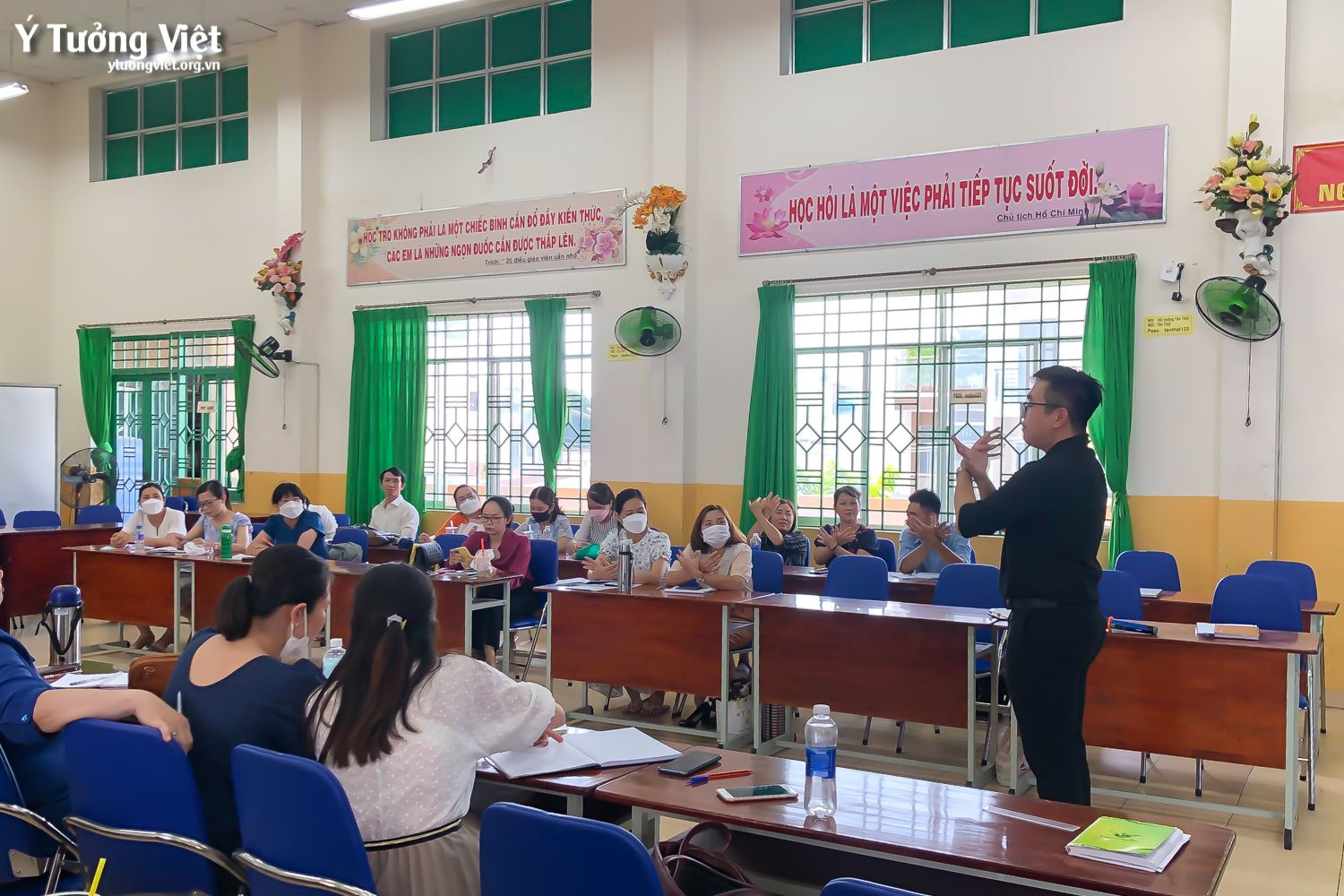 Đồng Hành Cùng Trường Th Tân Thới Trong Chuyên đề Kỹ Năng Thấu Hiểu Và Chăm Sóc Tinh Thần Cho Học Sinh 04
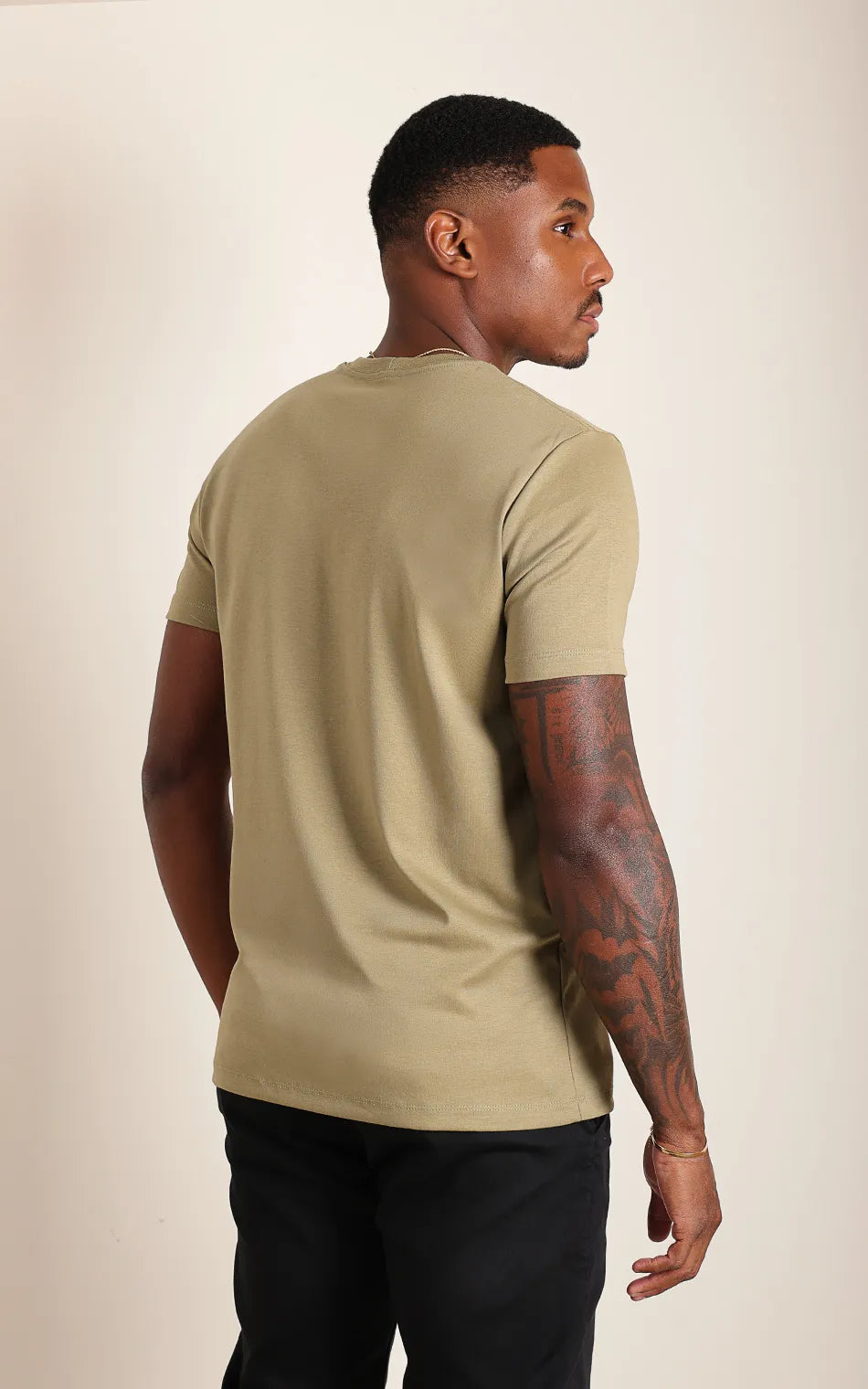 Camiseta Judá Básica Olive Grey (Pronta Entrega)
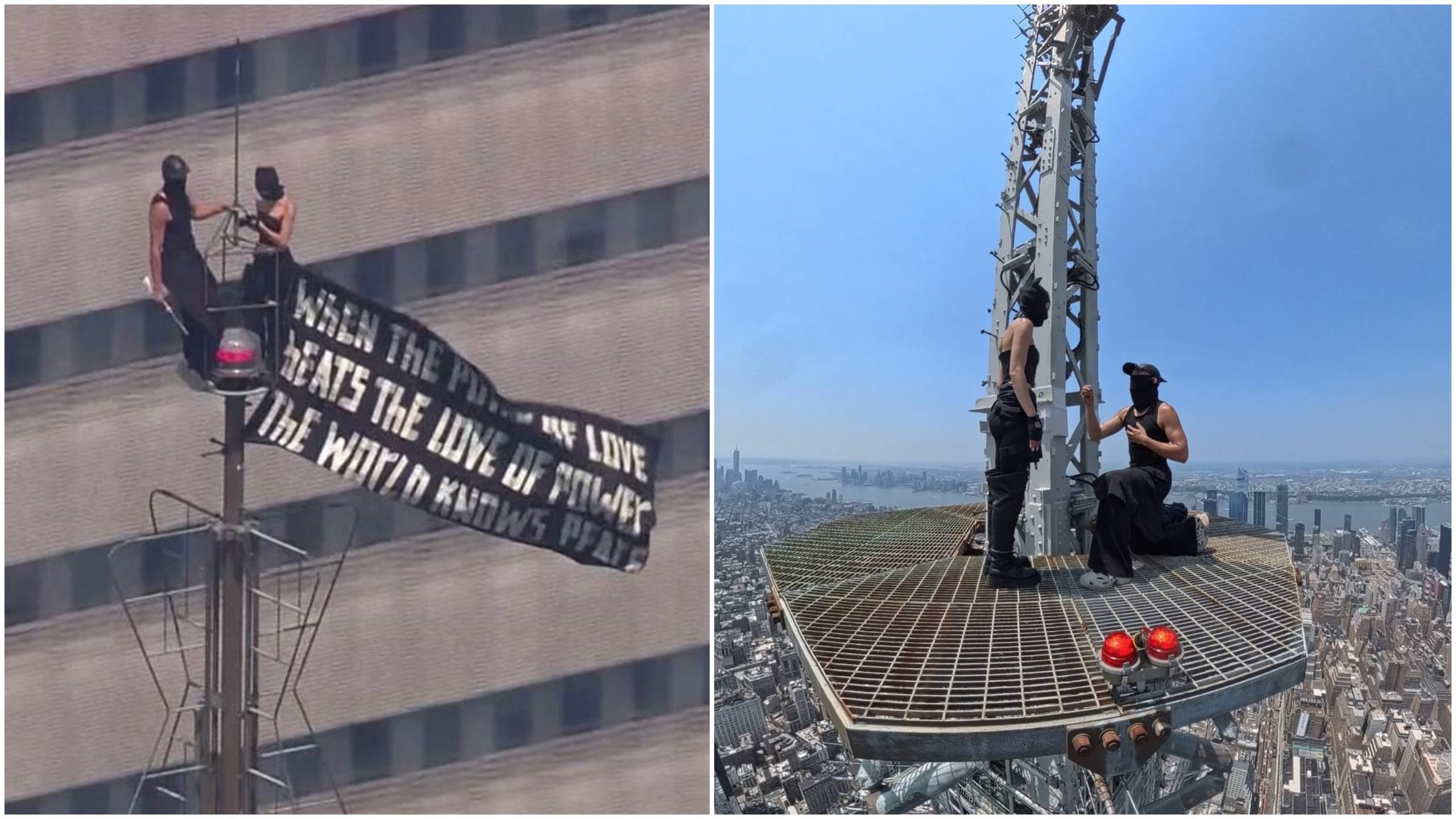 Любов над омразата: Годеж на върха на Empire State Building се превърна в символ на надеждата и завърши с арест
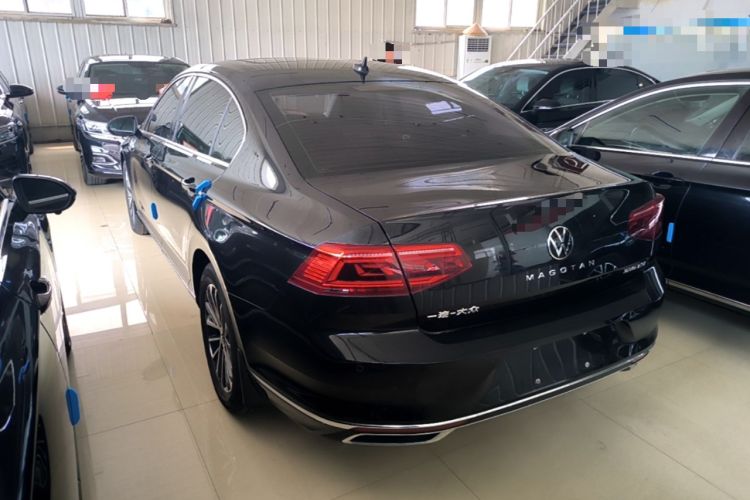 Used Volkswagen Magotan 2020 330TSI DSG Luxury Edition Rear Left 45 Deg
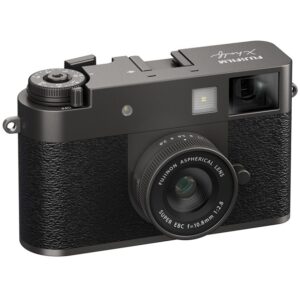 FUJIFILM X HALF X-HF1 grafitowy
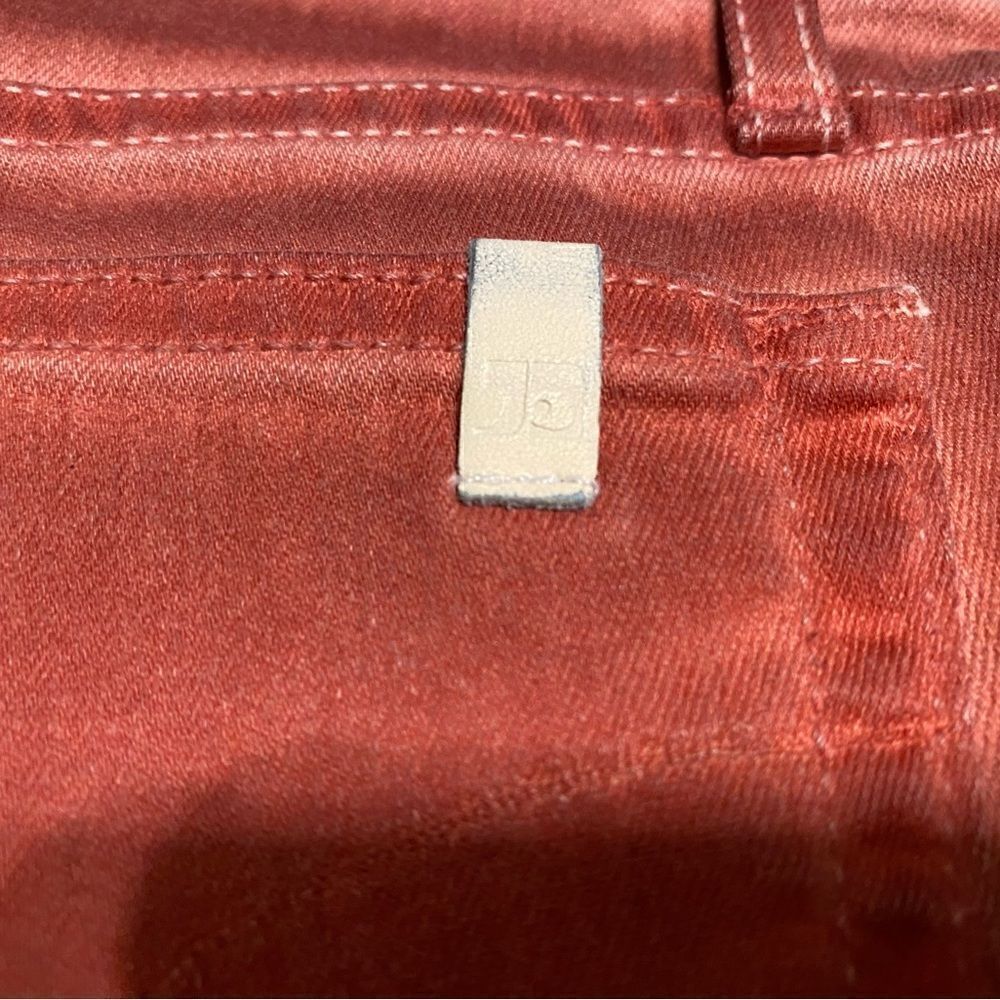 Joe’s brand jeans, rusty orange colored, 25 waist and 32 inseam. (J28) - Picture 5 of 7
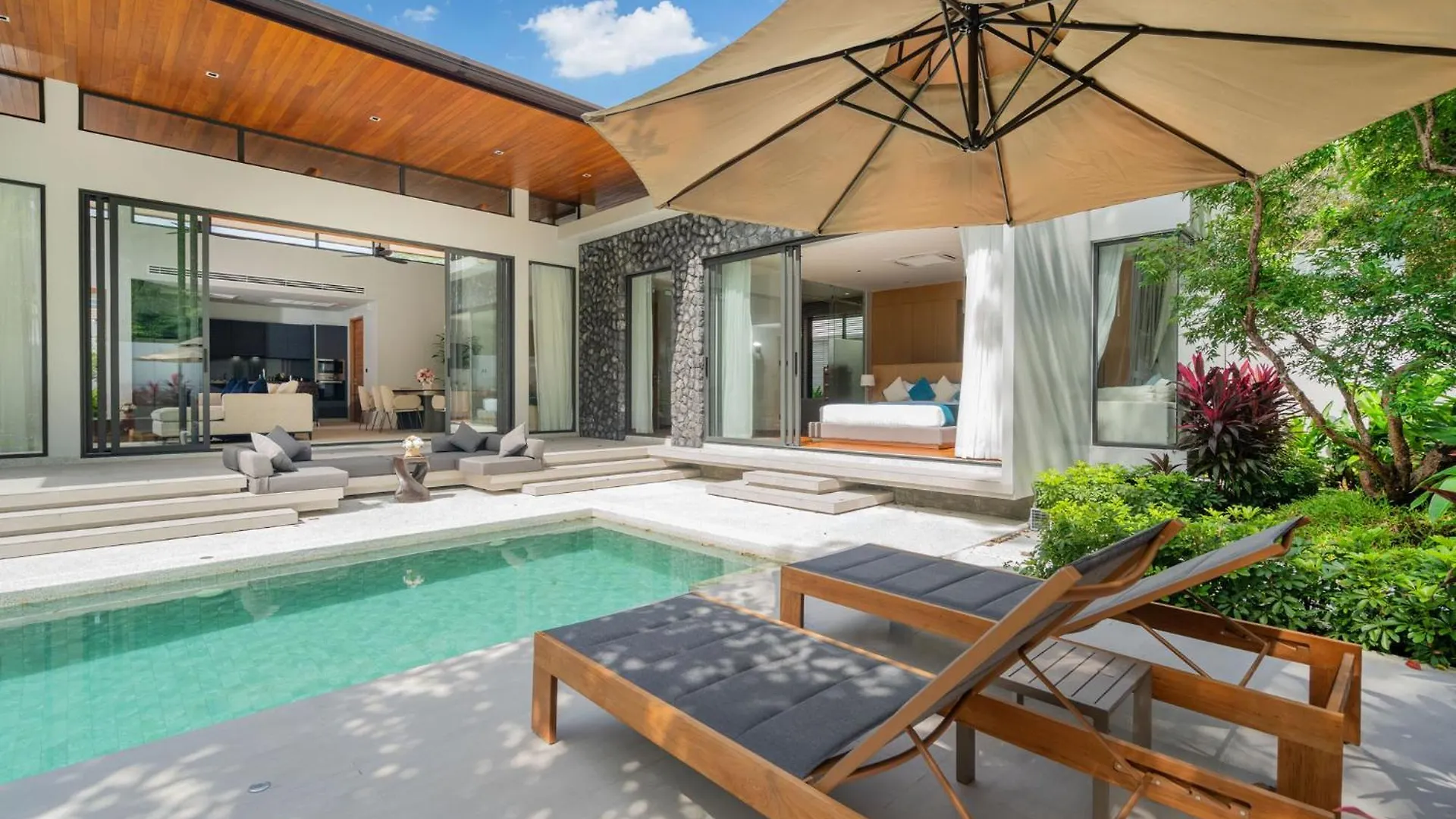 Bang Tao Botanica Modern Loft 4 Bd S Villa Phuket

§ PROBLEM REQUIREMENTS
Drop the pictures and reproduce the rest of the data exactly.

§ RESULT FOR THIS EXERCISE
 Đồng Hành Cùng Trường Th Tân Thới Trong Chuyên đề Kỹ Năng Thấu Hiểu Và Chăm Sóc Tinh Thần Cho Học Sinh 04
 Camiseta Judá Básica Olive Grey (Pronta Entrega)
 Любов над омразата: Годеж на върха на Empire State Building се превърна в символ на надеждата и завърши с арест
 Used Volkswagen Magotan 2020 330TSI DSG Luxury Edition Rear Left 45 Deg
 FUJIFILM X HALF X-HF1 grafitowy
 Joe’s brand jeans, rusty orange colored, 25 waist and 32 inseam. (J28) - Picture 5 of 7
 Bang Tao Botanica Modern Loft 4 Bd S Villa Phuket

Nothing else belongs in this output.